Pressemitteilung zur aktuellen Schulsituation

„Das Versagen der Politik gestern macht den Distanzunterricht heute unabdingbar“

Die Landesschüler*innenvertretung (LSV) NRW betont zum Ferienende erneut, dass Präsenzunterricht, in egal welcher Form, erst wieder stattfinden kann, wenn die Infektionszahlen drastisch gesunken sind und Schüler*innen dadurch nicht unverhältnismäßig gefährdet werden. Hierbei sind die Empfehlungen von Expert*innen zu berücksichtigen (z. B. vom Robert Koch-Institut oder der Nationalen Akademie der Wissenschaften Leopoldina).

Eine Wiederaufnahme des Präsenzbetriebes muss dann schrittweise erfolgen und dem Infektionsgeschehen dynamisch angepasst werden. Hierzu fordert die LSV NRW zunächst, Schulklassen aufzuteilen und diese halben Gruppen im zwei-Tagesrhythmus zu unterrichten (Hybridunterricht). So sollen Schüler*innen (aller Jahrgangsstufen) zwar nur jeden zweiten Tag die Schule besuchen, aber dafür in kleinen (festen) Gruppen unterrichtet werden. Hierbei sollen alle Jahrgangsstufen gleichwertig behandelt werden.

Generell muss der Schutz der Gesundheit an erster Stelle stehen. Deshalb müssen alle nötigen Schutzmaßnahmen ergriffen werden: Filteranlagen müssen in den Unterrichtsräumen installiert und genutzt werden, einzelne Arbeitsplätze der Schüler*innen müssen mit Trennwänden voneinander abgeschirmt werden (, die in Abstimmung mit der aktuellen Wissenschaft entworfen werden). Es braucht feste Unterrichtsgruppen, die strikt voneinander getrennt bleiben, und die Auslagerung von Unterricht in leer stehende Räumlichkeiten (wie Gemeindehäuser, Hotels, etc.) überall da, wo die Raumsituation von Schulen die Einhaltung der Abstandsregeln nicht zulässt. Darüber hinaus müssen die Ressourcen von privaten Unternehmen, wie Busunternehmen, soweit nötig, genutzt werden, um den öffentlichen Verkehr zu entlasten und volle Busse und Bahnen zu den Schulzeiten zu verhindern; auch eine Staffelung der Unterrichtszeiten kann dabei eine Maßnahme sein. Allgemein ist bei diesen Maßnahmen die Umsetzbarkeit und Zumutbarkeit für die Schüler*innen an der jeweiligen Schule zu berücksichtigen. Wenn Schulen nicht in der Lage sind, nötige Schutzmaßnahmen umzusetzen, muss der Unterricht entsprechend eingeschränkt werden. Außerdem muss die Teilnahme am Unterricht für alle Schüler*innen, die der Risikogruppe angehören, freiwillig sein.

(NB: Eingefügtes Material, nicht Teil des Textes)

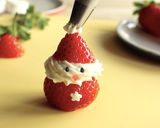 草莓聖誕老人｜Strawberry Santas的食譜步驟5照片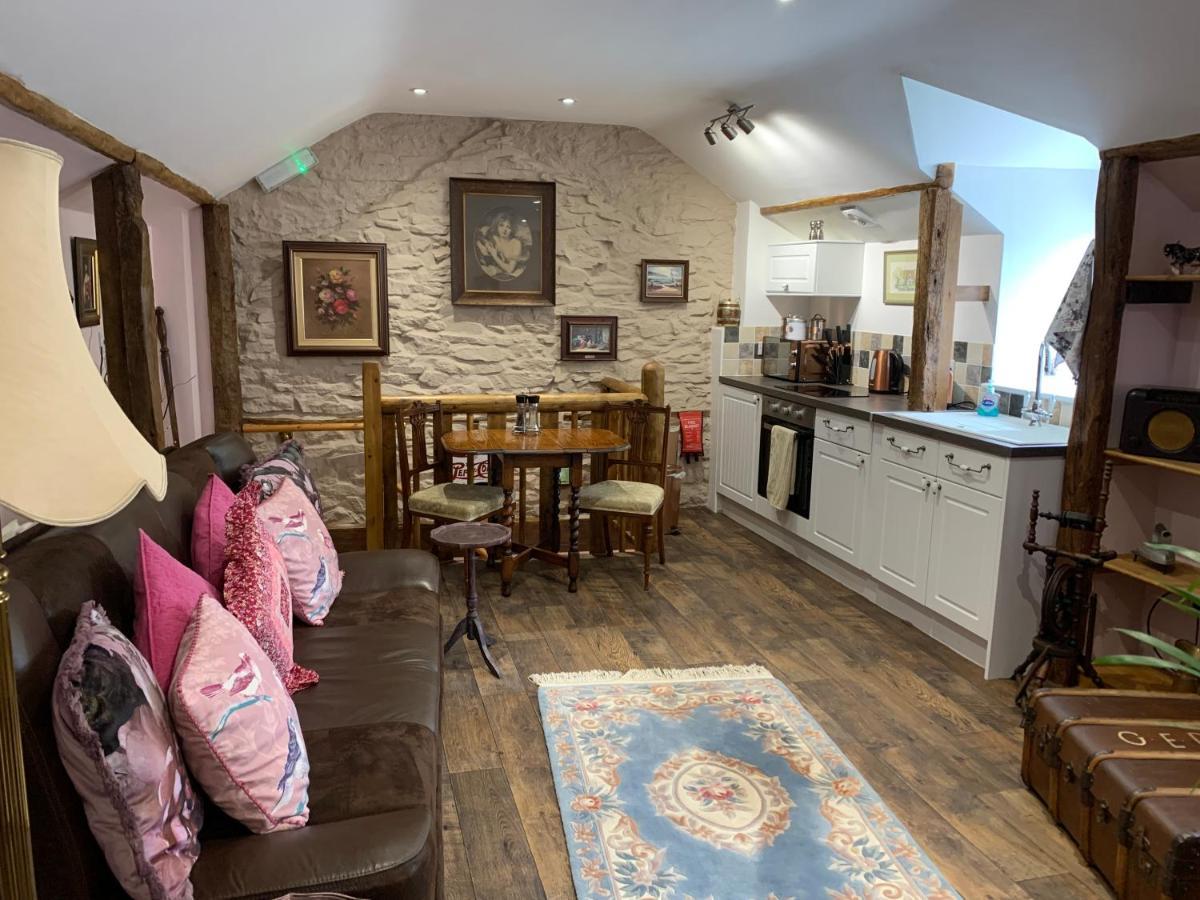 Brecon Boutique Breaks River Run Sennybridge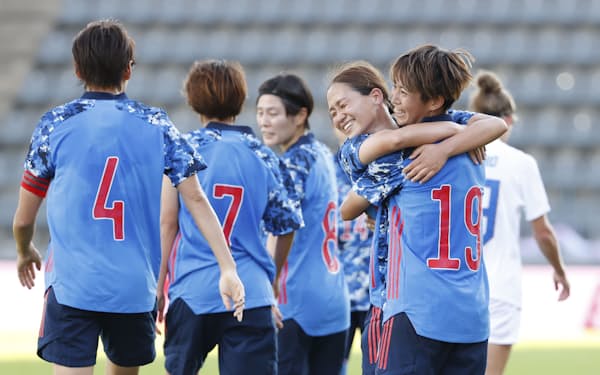 日本―フィンランド　後半、チーム4点目のゴールを決め、長野と抱き合い喜ぶ植木＝19（27日、トゥルク）＝共同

Für Schüler*innen, die aufgrund ihrer sozialen Situation im eigenen Zuhause keine Lernatmosphäre schaffen können, müssen schon jetzt alternative öffentliche Lernorte angeboten werden (Study Halls), die diese Schüler*innen nutzen können; auch hier müssen alle Bestimmungen zum Infektionsschutz eingehalten werden.